Ainsi, si le débiteur principal se trouve en sauvegarde, la conséquence de ce principe nouveau est que le créancier dont la créance est inopposable à la procédure collective ne peut poursuivre les cautions personnes physiques, ni pendant la période d’observation, ni pendant l’exécution du plan de sauvegarde (C. com., art. L. 622-26, al. 2).
Dans ce cas, le créancier devra attendre la fin de l’exécution du plan de sauvegarde pour poursuivre ces cautions, et ce, sous réserve que sa créance ne soit pas prescrite.

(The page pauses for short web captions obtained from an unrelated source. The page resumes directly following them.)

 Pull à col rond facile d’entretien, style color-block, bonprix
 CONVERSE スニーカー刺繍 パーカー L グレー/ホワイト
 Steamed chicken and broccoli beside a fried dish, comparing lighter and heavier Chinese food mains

L’article 16 du code de procédure civile prévoit que le juge doit, en toutes circonstances, faire observer et observer lui-même le principe de la contradiction. Il ne peut retenir, dans sa décision, les moyens, les explications et les documents invoqués ou produits par les parties que si celles-ci ont été à même d’en débattre contradictoirement. Il ne peut fonder sa décision sur les moyens de droit qu’il a relevés d’office sans avoir au préalable invité les parties à présenter leurs observations.

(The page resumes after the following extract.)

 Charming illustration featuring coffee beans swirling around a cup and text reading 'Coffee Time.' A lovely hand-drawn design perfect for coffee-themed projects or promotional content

En l’espèce, la société M&M soutient que la société MABM demeure débitrice de la somme de 12 307,94 euros au titre de réparations et charges impayés dans le cadre du bail d’habitation conclu les 15, 20 et 22 juillet 2021 résilié le 7 janvier 2023 et sollicite la condamnation de M. [Q] à payer cette somme en sa qualité de caution solidaire de la société MABM compte tenu de la procédure de liquidation judiciaire dont fait l’objet l’ancien locataire.
Or, aucune des pièces produites ne justifie de la situation judiciaire de la société MABM.
La présente juridiction peut dès lors légitimement s’interroger quant au droit d’agir de la société M&M à l’encontre de la caution solidaire puisque toute action contre les personnes physiques coobligées ou ayant consenti une sûreté personnelle pour le compte d’une société faisant l’objet d’une procédure collective est impossible jusqu’au jugement arrêtant le plan ou prononçant la liquidation judiciaire, d’une part, et toutes créances non déclarées au passif d’une procédure collective, sauf relevé de forclusion, sont inopposables aux personnes physiques coobligées ou ayant consenti une sûreté personnelle pour le compte d’une société, d’autre part.
Dans ces conditions, il convient dès lors de rouvrir les débats
Sur les autres demandes et les dépens
Les autres demandes et les dépens seront, en l’état, réservés.
PAR CES MOTIFS
La juge des contentieux de la protection, statuant après débats tenus en audience publique, par jugement réputé contradictoire avant-dire droit,
N° RG 25/03954 – N° Portalis DB32-W-B7J-DBJJC – page /
Tribunal judiciaire de Saint-Pierre – décision du 18 Mai 2026
ORDONNE la réouverture des débats ;
INVITE la SCI M&M à formuler toutes observations utiles et fournir toutes pièces utiles afin de justifier de son droit d’agir contre M. [I], [M] [Q], en qualité de caution solidaire ;
INVITE les parties à communiquer leurs pièces et écritures contradictoirement ;
DIT que le présent jugement vaut convocation des parties à l’audience du 15 juin 2026 à 8h30 tenue par le tribunal judiciaire de Saint-Pierre-de-la-Réunion ;
RÉSERVE les autres demandes ainsi que les dépens.
Ainsi fait, jugé et mis à disposition au greffe de la juridiction aux jours, mois et année susdits. En fait de quoi le jugement a été signé par la juge des contentieux de la protection et la greffière.